Add new comment

Review: Fabriano 1264 Watercolour Paper (25% Cotton)

Fabriano 1264 is a series with paper for drawing, sketching, watercolour, mixed media and there's also bristol paper. 1264 by the way is the year that Fabriano paper mill was created in Italy.

The Fabriano 1264 watercolour paper is made with 25% cotton content. This student grade watercolour paper and the quality is almost similar to the Fabriano Studio watercolour paper.

Fabriano Studio has coldpress and hotpress, 200gsm and 300gsm, and sold in glued pads. Sizes available are

  • 8 x 10 inches
  • 9 x 12 inches
  • 11 x 14 inches

Fabriano 1264 watercolour paper only has coldpress, 300gsm, and is sold in either spiral bound or glued pads. Sizes available are

  • 7 x 10 inches
  • 9 x 12 inches
  • 11 x 15 inches
  • 18 x 24 inches

The pricing is quite similar so the which one to choose comes down to which format, size, texture, paper weight you're looking for.


The spiral bound pads come with perforated sheets that are easy to remove.


The pad comes with 30 sheets of 300gsm, acid-free, coldpress watercolour paper.


Here's how non-granulating paint looks on the paper.


Here's how granulation looks on the paper. The coldpress texture has a more noticeable pattern compared to the finer grain coldpress texture of Fabriano Artistico 100% cotton watercolour paper.


Pencils may produce lines with rough edges.


The downside of student grade watercolour paper is usually the difficulty using wet on wet techniques. Shown above are tests for wet on wet techniques.


In the first test, I painted three horizontal lines on the wet surface. On top quality paper, the lines should diffuse until the lines are barely visible. On the Fabriano 1264 watercolour paper, paint doesn't seem to move much even on wet surface. Because of that, it is difficult to paint gradated wash and also have smooth colour blends.


Water seems to dry fast. When water dries before the paint moves, the paint won't be able to move anymore. Show above are some small areas that dried faster than other areas.


When different areas of the paper dry at different speeds, there will be dry edges at the boundary.

Colours appear vibrant on the paper so that's great.


This colour blend above looks good only because I added more water (to help paint move) with a spray as the paper was getting dry.


Pen, ink and watercolour works well.
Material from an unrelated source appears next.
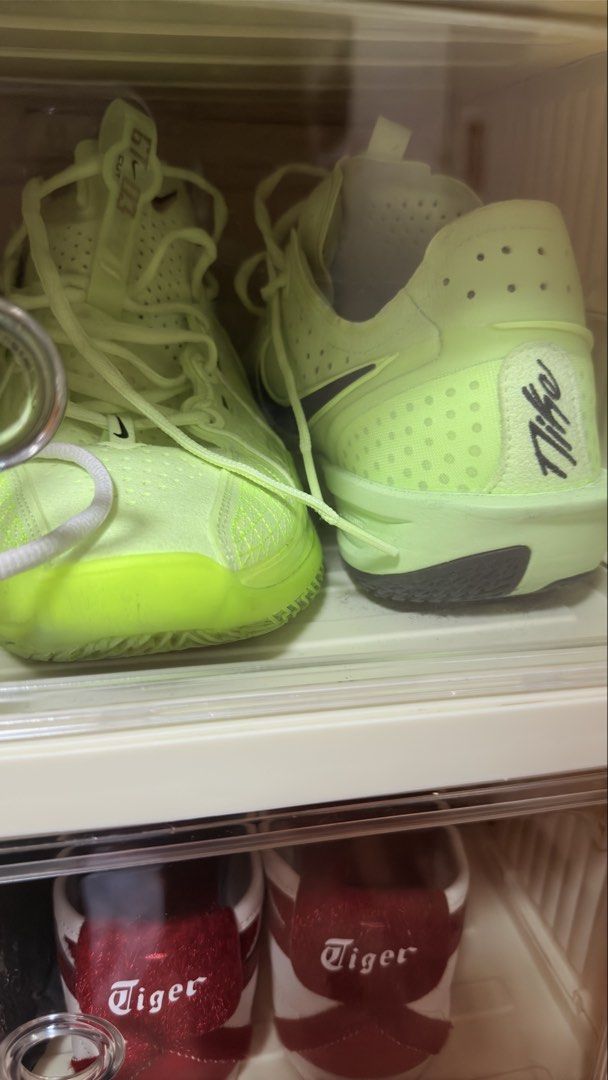Nike Zoom GT Cut 3 Volt (Category: Sneakers) located in Lucena. Submitted by jdyah12 (Listing ID 1456480545, Image 2). Description: - Nike Zoom GT Cut 3 " VOLT " - Vibrant Neon Yellow colorway - Ideal for basketball performance - Equipped with responsive ZoomX cushioning - Retains plenty of grip for continued use - Unique and eye-catching design - almost new -rfs : di na naglalaro (pickleball na) Mga 3x lang nagmit Free shipping ko na no tawad 9u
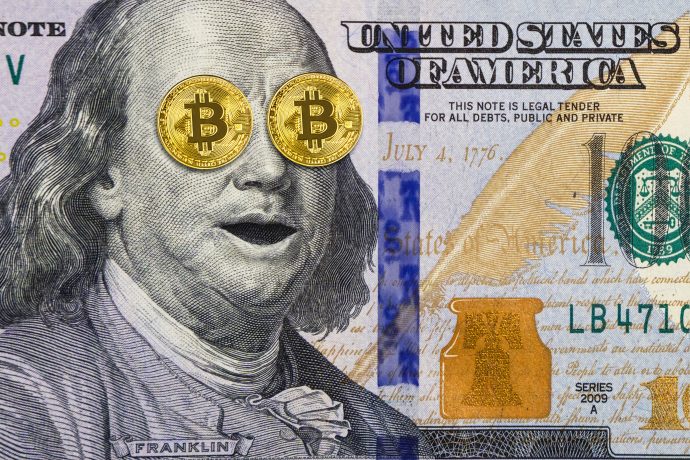 Bitcoin-Münzen auf Benjamin Franklins Gesicht.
Glazing or layering works well. In the shadow area, I've tried to charge in another colour and the colour just remained as a dot until I used the brush to spread it out.

So the only performance issues are due to the difficulty with wet on wet techniques, and the unpredictable drying time.

The paper should work well for quick sketches, wash and go, testing colour mixes, and not good for wet on wet techniques, gradation and colour blend. It's not that you cannot use wet on wet techniques, it's just that you'll have to use your brush to manually create certain effects whereas with good paper, the paper will be doing the work for you.

The pricing for this paper is good, but you do get what you pay for. Student grade paper is cheaper for a reason.